A federal appeals panel has ruled judges should be more willing to force so-called "copyright trolls" to pay the legal bills of companies who successfully defend against a lawsuit under the federal Copyright Act.
On Aug. 11, a three-judge panel of the U.S. Seventh Circuit Court of Appeals ruled the Cremation Society of Illinois should be allowed to pursue legal fees after prevailing in a lawsuit against a “copyright troll” that sued the Society under the Copyright Act.
The underlying legal dispute pitted the society and other defendants against Live Face on Web, which sued companies that paid $328 to license a piece of its computer code. In this action, one of about 200 copyright suits in almost 30 federal district courts, Live Face on Web sought at least $438,000 in damages.
Live Face sued the Cremation Society in 2016.
The Cremation Society operates 10 cremation centers in Chicago and its suburbs.

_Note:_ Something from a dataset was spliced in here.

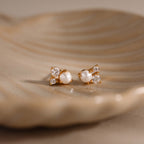 The Pearl Diamond Cluster Studs in 18K Gold feature pearls and diamonds for everyday elegance, shown resting gracefully on a beige ceramic dish.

The company also does business as Pets Are Family Too Cremation Services.
U.S. District Judge John Blakey ruled that since the Society only prevailed due to an intervening Supreme Court decision, an award of legal fees wouldn’t serve the purpose of a fee-shifting provision in the federal law, in part intended to discourage nuisance litigation.
The defendants asked the U.S. Seventh Circuit Court of Appeals to review Blakey’s ruling. Judge Thomas Kirsch wrote the panel’s opinion, issued Aug. 11; Judges Michael Scudder and Candace Jackson-Akiwumi concurred.
“The Copyright Act authorizes prevailing parties to recover their costs and fees,” Kirsch wrote. “This makes sense: A copyright holder who successfully enforces her rights encourages others to use the copyright system, fostering further innovation. At the same time, a defendant who successfully protects his rights to use things in the public domain necessarily gives others a license to do the same. And no matter who prevails, copyright law writ-large benefits from definitive adjudications. By encouraging parties to stand on their rights, the Act’s symmetrical fee-shifting provision advances its core purposes.”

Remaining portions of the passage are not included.